■■■■■
帯とけの枕草子〔百九〕原は
言の戯れを知らず「言の心」を心得ないで読んでいたのは、枕草子の文の「清げな姿」のみ。「心におかしきところ」を紐解きましょう。帯はおのずから解ける。
清少納言 枕草子〔百九〕原は
原は、あしたのはら、あはづの原、しの原、萩原、その原。
(原は、朝の原、粟津の原、篠原、萩原、園原……盛り上りのないのは、吾下の腹、合わずの原、しおれの原、端木はら、その腹)
言の戯れを知り言の心を心得ましょう。
「原…山ばの無いひら野…盛り上がりのないところ」「はら…腹…心のうち…腹のうち」「あした…朝…吾下…わが身の下」「あはづ…粟津…合わず…和合できず」「しの…篠…細竹…なびいているさま…しんなりしたさま…しおれたさま」「はぎ…萩…端木…木っ端…おとこ」「ばら…ども…複数・軽蔑の意を表わす」。

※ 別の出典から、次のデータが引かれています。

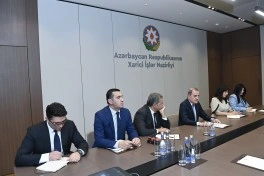 Ceyhun Bayramov ABŞ Senatının Xarici Əlaqələr Komitəsinin üzvü ilə görüşüb - FOTO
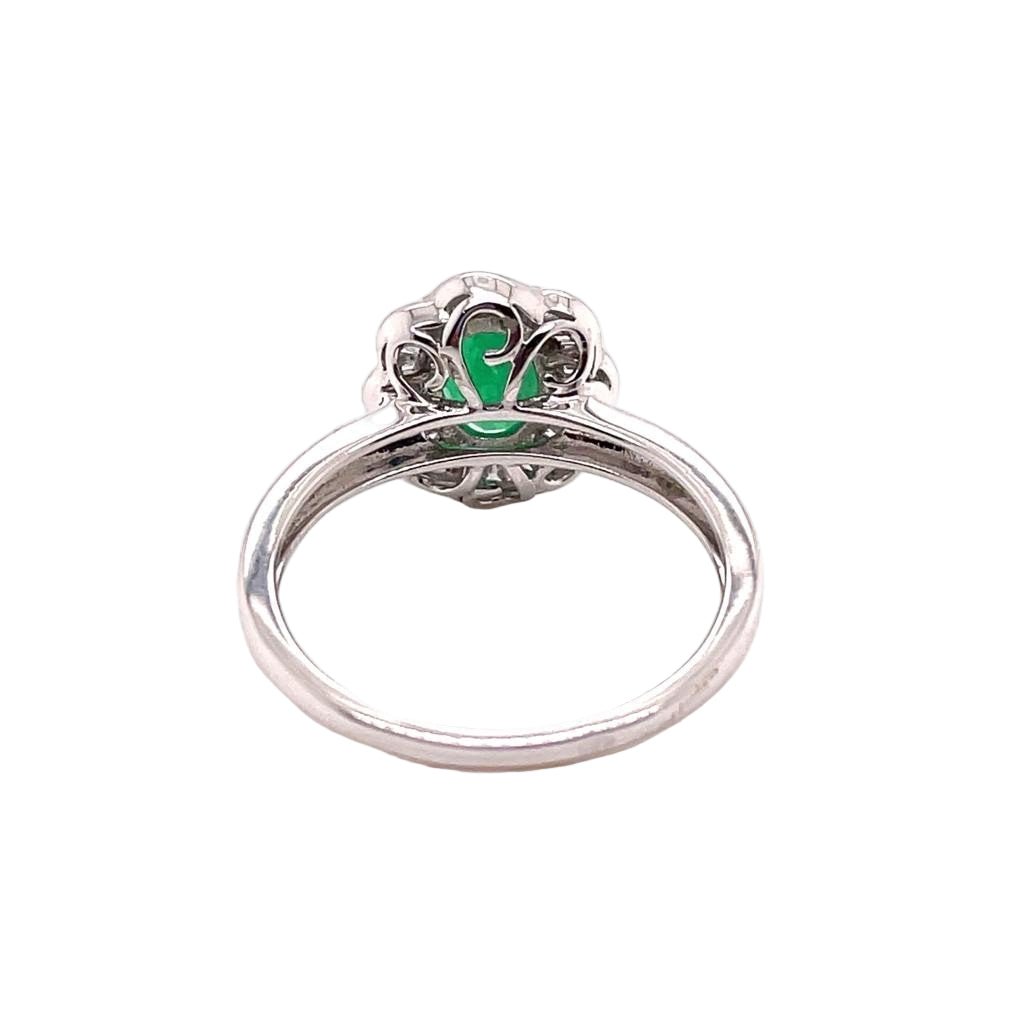 Bague Marguerite en or blanc, émeraude et diamants - Castafiore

「盛り」の次には「盛り上がりのないはら」を並べた諧謔。これを、唯の原の名の羅列と決め付けては、「心におかしきところ」が聞こえないので、味気ない文と貶めたくなるでしょう。
「心深く」はないけれど、男に腹立つ事あれば、これを口ずさむと、女たちの溜飲、少しは下がるでしょう。